A popularidade das competições foi assombrosa. A primeira edição do campeonato, em 1948, contou com mais de 15 mil participantes, e o número crescia à medida que o campeonato englobava mais províncias e se tornava mais popular. No ano seguinte, a imprensa peronista já alardeava que o número de inscritos ultrapassara os 150 mil. Em 1953, foram instituídos os Jogos Esportivos Juvenis Juan Perón e o número total de participantes oficialmente divulgado dessas competições passou dos 200 mil inscritos.

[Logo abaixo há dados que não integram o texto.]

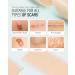 6-Pack Silicone Scar Sheets - Surgical Keloid Burn & C-Section Recovery - Reusable Medical Grade Strips for Optimal Healing - Buy Online on GoSupps.com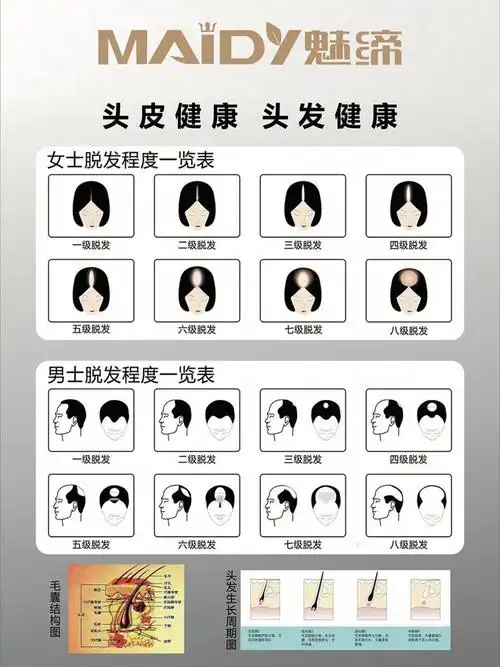 脱发程度对应表,你的头发还好吗?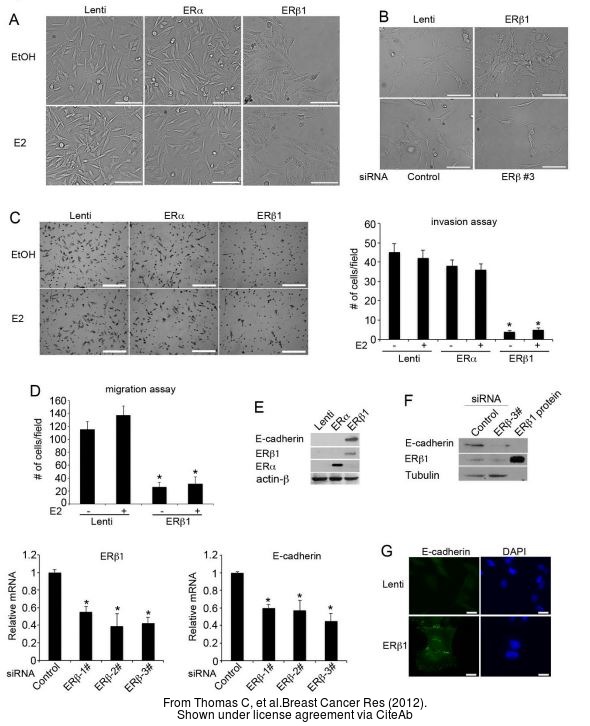 The WB analysis of Estrogen Receptor beta antibody [14C8] was published by Thomas C and colleagues in the journal Breast Cancer Res in 2012 .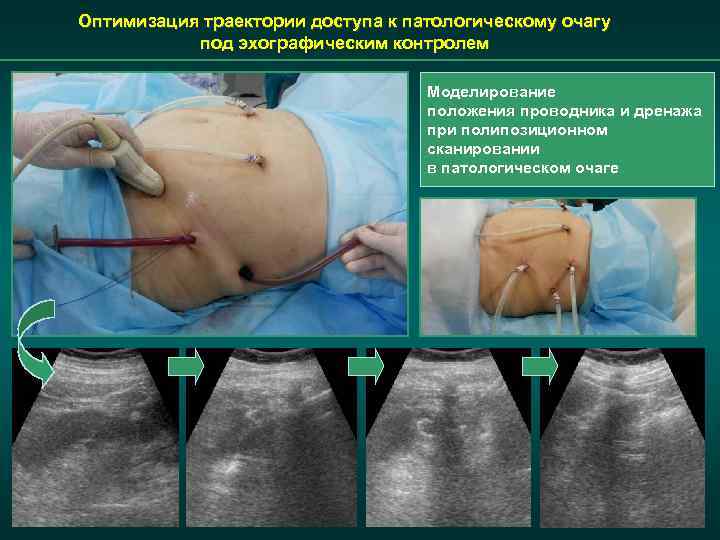 Оптимизация траектории доступа к патологическому очагу под эхографическим контролем Моделирование положения проводника и дренажа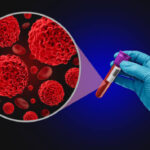 Japan Blood Testing Market Strategic Insights and Business Growth Potential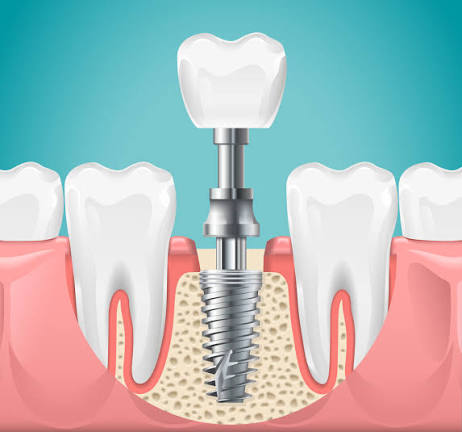 Trồng răng Implant có đau không? Mức độ đau và cách giảm đau 1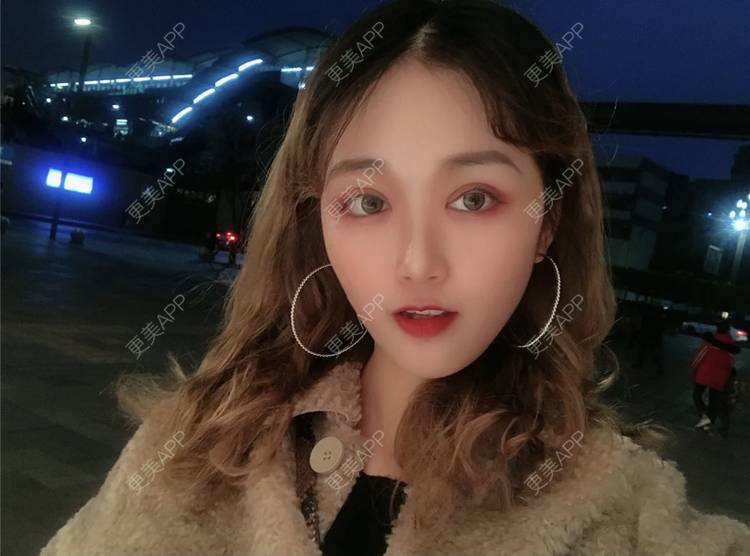 更美 - 张盛波 医生的吸脂瘦脸经验 | 南昌 | 吸脂瘦脸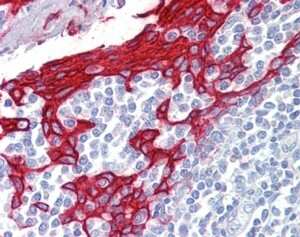Immunohistochemistry-Paraffin: Cytokeratin 13 Antibody [NBP1-06047]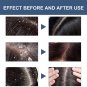 Scalp Cleansing Scrub Remove Dandruff Oil Follicle Treatment Roots Moisturizing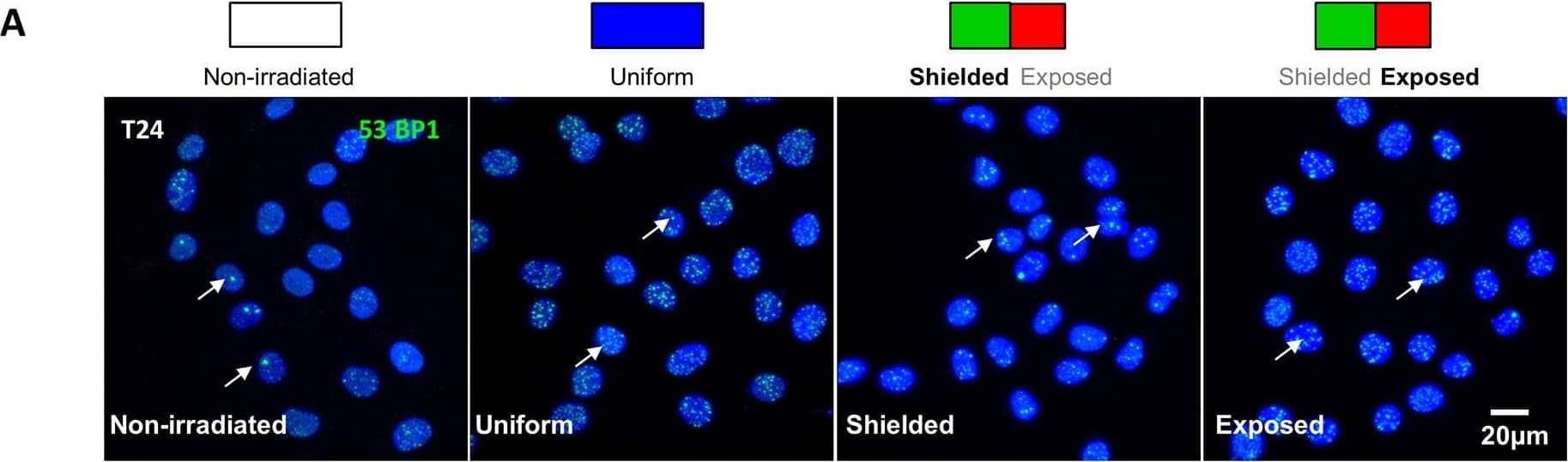 Immunocytochemistry/ Immunofluorescence: 53BP1 Antibody - BSA Free [NB100-304] - Bystander signaling evokes DNA damage foci formation in urothelial cancer & normal urothelial cells(A) Schematic representation of experimental conditions including non-irradiated, uniformly-irradiated & shielding protocols where 50% of the slide was exposed & 50% shielded with MCP alloy. Cells were fixed & processed for 53BP1-immunofluorescence, one hour following irradiation. Micrographs of urothelial cancer T24 cells labelled with anti-53BP1 (green) to label nuclear DNA double stand break foci & DAPI to counterstain nuclei are shown for each experimental condition. (B) Summary graph of mean foci/cell in T24 cells (N=3), measured from confocal z-stacks in Volocity software. There were significantly more foci in shielded cells 0.5mm from the shield than in non-irradiated controls, indicative of a bystander effect (p=0.019). (C) Summary data for HT1376 cancer cells (N=3) where there was no difference in the mean foci/cell between non-irradiated controls & shielded cells. (D) Summary data for normal urothelial HUC (N=3). Mean foci/cell was significantly greater in shielded cells in the 0-5mm (p=0.005) & 5-10mm (p=0.04) analysis regions from the shield. * denotes p<0.05, ** denotes p<0.01 Image collected & cropped by CiteAb from the following publication (//pubmed.ncbi.nlm.nih.gov/29228614), licensed under a CC-BY license. Not internally tested by Novus Biologicals.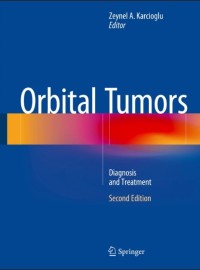 Orbital Tumors : Diagnosis and Treatment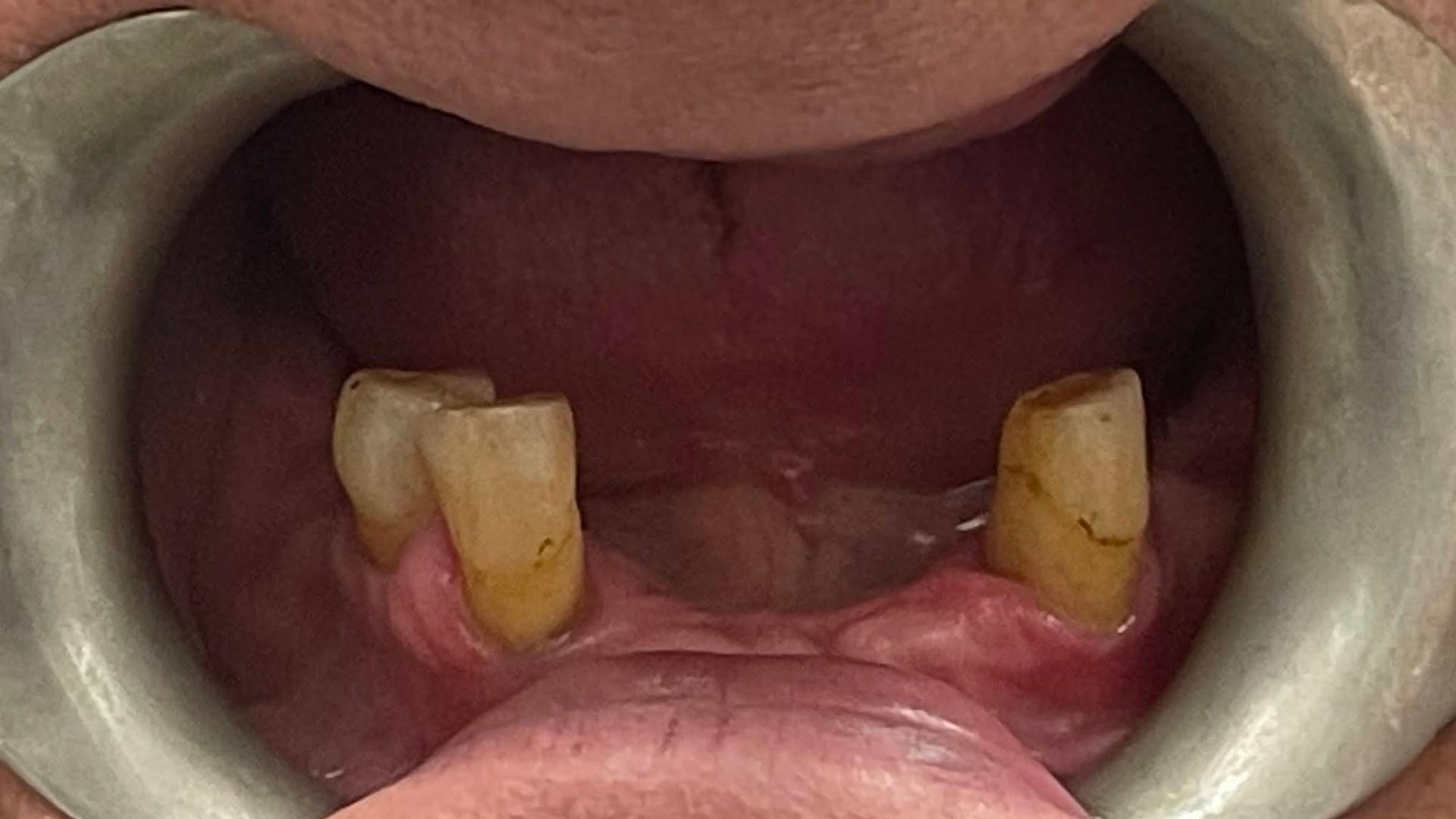 Patient before dental implants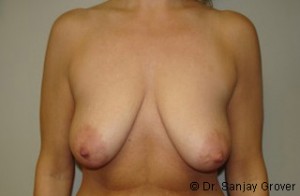 Breast Lift Before and After 33 | Sanjay Grover MD FACS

É também importante notar que além do sentimento nacional gerado pelas competições, estas carregavam a imagem dos governantes consigo. Tal era a ligação do regime, e em especial de Eva Perón, com o campeonato que, entre as várias equipes envolvidas, diversas possuíam nomes referentes ao peronismo e a seu ideário nacionalista, como “17 de Outubro” e “San Martín”. No Campeonato Evita de 1952, o time campeão, de Santa Fé, era chamado “Evita, Estrela da Manhã”. Antes dos jogos, os participantes cantavam as marchas “Evita Capitana” e “Los Muchachos Peronistas”, além da canção oficial do campeonato, na qual diziam: “A Evita devemos nosso clube, por isso lhe guardamos nossa gratidão. Nós cumprimos os ideais, nós cumprimos a Missão, da Nova Argentina de Evita e Perón”.
Mas os Campeonatos Infantis Evita não se resumiam ao futebol. Logo outras modalidades esportivas passaram a ser disputadas nestas competições, como basquete, atletismo e polo aquático. E, em cada um desses, Perón e sua esposa eram presenças garantidas no jogo final, seja dando o pontapé inicial nas partidas de futebol, distribuindo medalhas ou saindo em diversas fotos que seriam publicadas em vários jornais argentinos no dia seguinte. Mas isso fica para outra postagem.